=== Begin Enclosure ===
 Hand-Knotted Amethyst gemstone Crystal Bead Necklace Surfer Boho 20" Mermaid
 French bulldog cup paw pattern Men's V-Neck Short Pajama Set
=== End Enclosure ===
=== Begin Enclosure ===
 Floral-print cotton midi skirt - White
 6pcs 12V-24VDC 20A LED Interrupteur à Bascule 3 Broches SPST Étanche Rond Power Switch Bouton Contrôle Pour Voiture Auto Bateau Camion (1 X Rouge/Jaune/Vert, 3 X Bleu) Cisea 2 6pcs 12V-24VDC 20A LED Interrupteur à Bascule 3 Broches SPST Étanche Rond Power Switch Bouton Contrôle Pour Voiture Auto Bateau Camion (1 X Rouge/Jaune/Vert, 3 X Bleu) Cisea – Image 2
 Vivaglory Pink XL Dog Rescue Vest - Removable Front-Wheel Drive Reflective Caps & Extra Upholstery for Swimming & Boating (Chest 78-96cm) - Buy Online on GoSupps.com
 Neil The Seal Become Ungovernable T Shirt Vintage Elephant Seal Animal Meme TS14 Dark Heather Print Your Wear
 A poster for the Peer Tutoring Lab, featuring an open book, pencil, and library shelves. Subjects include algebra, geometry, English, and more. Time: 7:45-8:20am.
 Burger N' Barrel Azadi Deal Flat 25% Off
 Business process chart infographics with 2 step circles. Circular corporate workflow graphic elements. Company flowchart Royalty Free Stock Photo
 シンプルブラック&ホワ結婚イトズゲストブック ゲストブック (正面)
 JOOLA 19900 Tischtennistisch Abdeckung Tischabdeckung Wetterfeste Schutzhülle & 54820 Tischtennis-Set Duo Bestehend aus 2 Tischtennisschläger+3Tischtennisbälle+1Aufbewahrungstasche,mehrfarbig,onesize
=== End Enclosure ===
• TASK DIRECTIONS: Send back exactly the lines of the listing above starting at the one with "Business process chart" and ending at the one with "JOOLA 19900 Tischtennistisch", inclusive, and no others.

• TASK ANSWER:
 Business process chart infographics with 2 step circles. Circular corporate workflow graphic elements. Company flowchart Royalty Free Stock Photo
 シンプルブラック&ホワ結婚イトズゲストブック ゲストブック (正面)
 JOOLA 19900 Tischtennistisch Abdeckung Tischabdeckung Wetterfeste Schutzhülle & 54820 Tischtennis-Set Duo Bestehend aus 2 Tischtennisschläger+3Tischtennisbälle+1Aufbewahrungstasche,mehrfarbig,onesize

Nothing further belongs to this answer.